:: Recorded data ::

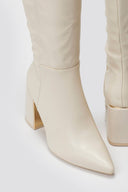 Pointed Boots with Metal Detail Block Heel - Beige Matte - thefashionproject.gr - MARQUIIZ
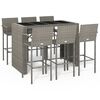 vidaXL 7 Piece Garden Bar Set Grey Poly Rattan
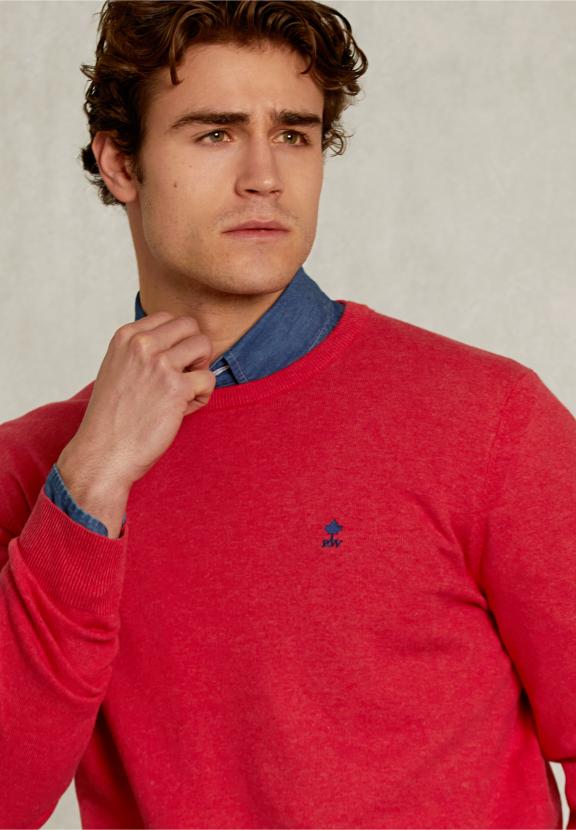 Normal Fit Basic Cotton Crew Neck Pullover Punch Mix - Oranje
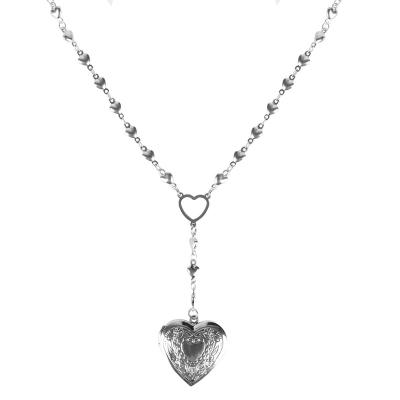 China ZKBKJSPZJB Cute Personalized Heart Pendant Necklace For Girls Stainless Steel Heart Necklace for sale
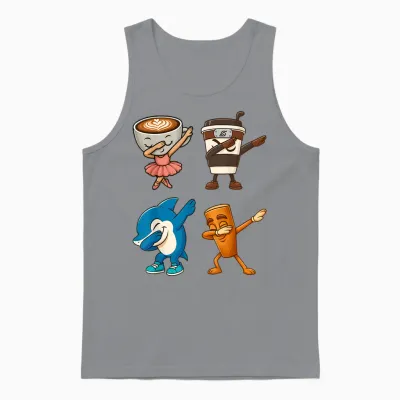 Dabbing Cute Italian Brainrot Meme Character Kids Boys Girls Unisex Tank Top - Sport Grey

:::

— Aim of the exercise —
Please reproduce nothing but the lines from the one containing "vidaXL 7 Piece" through the closing line of the listing, retyped word for word, pictures excluded.

— Answer —
 vidaXL 7 Piece Garden Bar Set Grey Poly Rattan
 Normal Fit Basic Cotton Crew Neck Pullover Punch Mix - Oranje
 China ZKBKJSPZJB Cute Personalized Heart Pendant Necklace For Girls Stainless Steel Heart Necklace for sale
 Dabbing Cute Italian Brainrot Meme Character Kids Boys Girls Unisex Tank Top - Sport Grey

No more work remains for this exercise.